A team of Dutch researchers who pored over mountains of medical information dating back to the 1960s have come up with some good news for wine lovers: Drinking moderately may lead to a roughly 30 percent lower chance of developing type 2 diabetes.
The researchers, who are based in various clinics in Amsterdam, analyzed data from 15 health studies conducted around the world between 1966 and 2004, choosing them after reading more than 480 abstracts. The team, led by Lando Koppes at the VU University Medical Center, obtained information on 369,862 individuals, 11,959 of whom developed type 2 diabetes.
Type 2 diabetes is a chronic condition that occurs when the body can no longer regulate insulin levels. It results in a rise in blood sugar levels, possibly damaging organs and nerves. "The prevalence of type 2 diabetes is rising to epidemic proportions," the authors wrote, citing a predicted 37 percent increase--more than 100 million new cases--worldwide by 2030.
The authors concluded that moderate drinking could help prevent type 2 diabetes, along with regular exercise, a healthy diet and not smoking. "There are calculations that 91 percent of new type 2 diabetes cases could be attributed to the lack of adherence to [healthy] lifestyle behaviors, among which is the moderate consumption of alcohol," said the study, published earlier this year in Diabetes Care.
The 15 studies on alcohol and diabetes were chosen for the meta-analysis because all were peer-reviewed and they recorded comprehensive information on alcohol consumption, as well as other lifestyle factors. Each study measured participants' average daily consumption with servings in grams, and each category of drinker was compared to a control group of nondrinkers. The participants were studied for an average of 12 years.
For the meta-analysis, the team created its own gram-per-day categories of consumption, since the amount of alcohol that made up one "drink" varied greatly across the studies. For example, one serving equals 10 grams of alcohol in the United Kingdom, but 21 grams in Japan. In the United States, it is often defined around 12 grams, equal to a bottle of beer, 4 to 5 ounces of wine or about 1 ounce of liquor.
The Dutch researchers then placed the drinkers into five categories: less than six grams a day, six to 12 grams, 12 to 24 grams, 24 to 48 grams and more than 48 grams. By comparing the rates of type 2 diabetes in participants across the drinking categories, the researchers derived a risk factor for each group.

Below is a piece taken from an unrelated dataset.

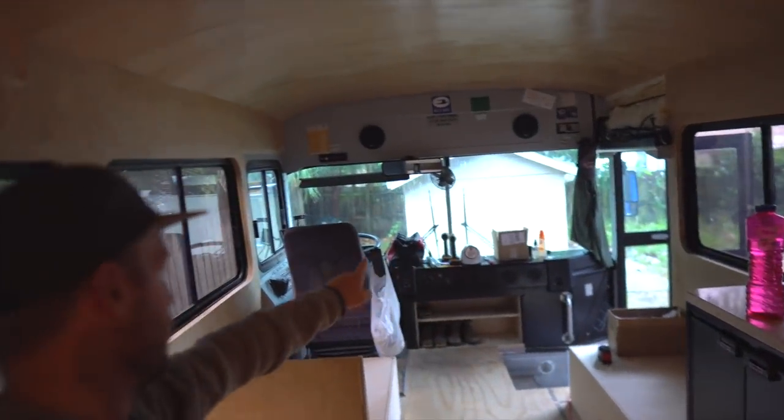You want to be able to retreat to a nice cool bedroom when it's really hot. The reality is up front it's going to be very hard — all these windows, that door, the huge windshield — to keep that area optimally cool. Ideally you might put two mini splits in your bus if you're going to be in really hot climates, but if you're just doing one, the back is where we really appreciate ours.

They found that, for both men and women, even low levels of alcohol consumption were beneficial, with those who drank less than six grams a day showing a 13 percent lower risk of developing type 2 diabetes than the nondrinkers. The three categories that the authors defined as moderate drinking--six to 12, 12 to 24 and 24 to 48 grams per day--fared best, showing reduced risks of 30 percent, 31 percent and 28 percent, respectively.
However, consuming more than 48 grams per day--more than four drinks per day--was linked to an increased chance of diabetes, 4 percent greater than nondrinkers.
In the United States, the very end of the Dutch-defined "moderate" spectrum (four drinks a day) is considered heavy drinking. Noted wine-and-health researcher R. Curtis Ellison, M.D., of the Boston University School of Medicine, who read the current study, suggested that, because the risk of type 2 diabetes increased with greater consumption, consuming up to two-and-a-half drinks a day is likely to be safer.